One of the tools that I have been inspired by in working with students is the unplanned, spontaneous vocal utterance. I’ve written on spontaneity before, so imagine my excitement when I found a quote on how Manuel Garcia, Sr., used JUST such a pedagogy in working with his singers.
By working in this way, Garcia allowed the student complete freedom of musical expression through the act of vocalization. It also suggests a lack of rigidity or methodology of approach. Once again, the idea of following Nature. He apparently did not bend the voice to his pre-formulated will, but allowed it to be CULTIVATED over time.
What interesting results might this approach yield for us now in the teaching studio? Let’s try it and see what happens! Feel free to leave your observations in the comments section below.

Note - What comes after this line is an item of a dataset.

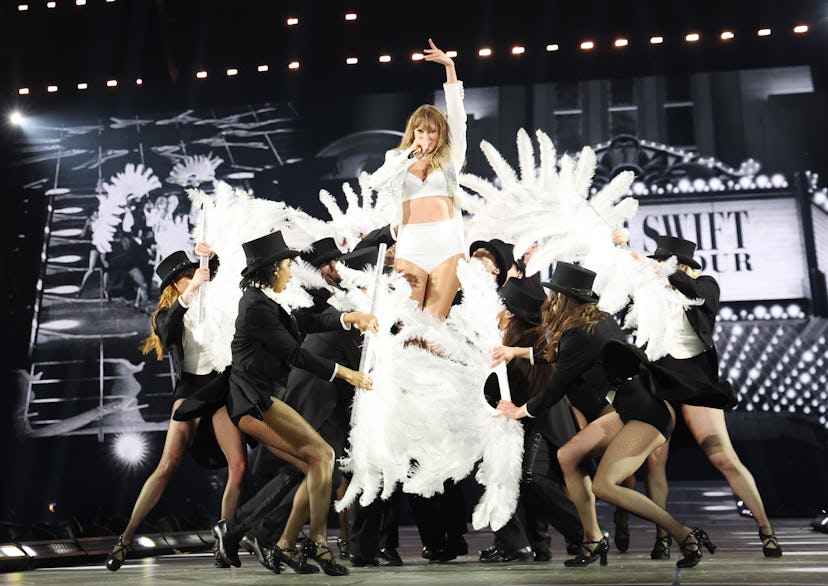 Taylor Swift performs onstage during night two of The Eras Tour in Paris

In proportion as the voice of the pupil improved, it was Garcia’s custom to prescribe exercises more and more difficult until every obstacle was surmounted; but he rarely noted down a set of passages for his pupils. His method was to strike a chord on the piano, and to say to them, “Now sing any passage you please”; and he would make them execute a passage in this way ten or twenty times in succession.
The result was, that the pupil sang precisely that which was suited to his voice, and suggested by his taste. Solfeggi exercises, performed in this way, presented a character of individuality, being suggested by the feeling of the moment. Another advantage to this mode of practice was, that the pupil gained a perfect mastery over his voice by dint of exercising his own inspirations, and that he was at liberty to follow the dictates of his own taste without fear or hesitation.
Merlin, Countess de. Memoirs of Madame Malibran. London: Henry Colburn, 1840.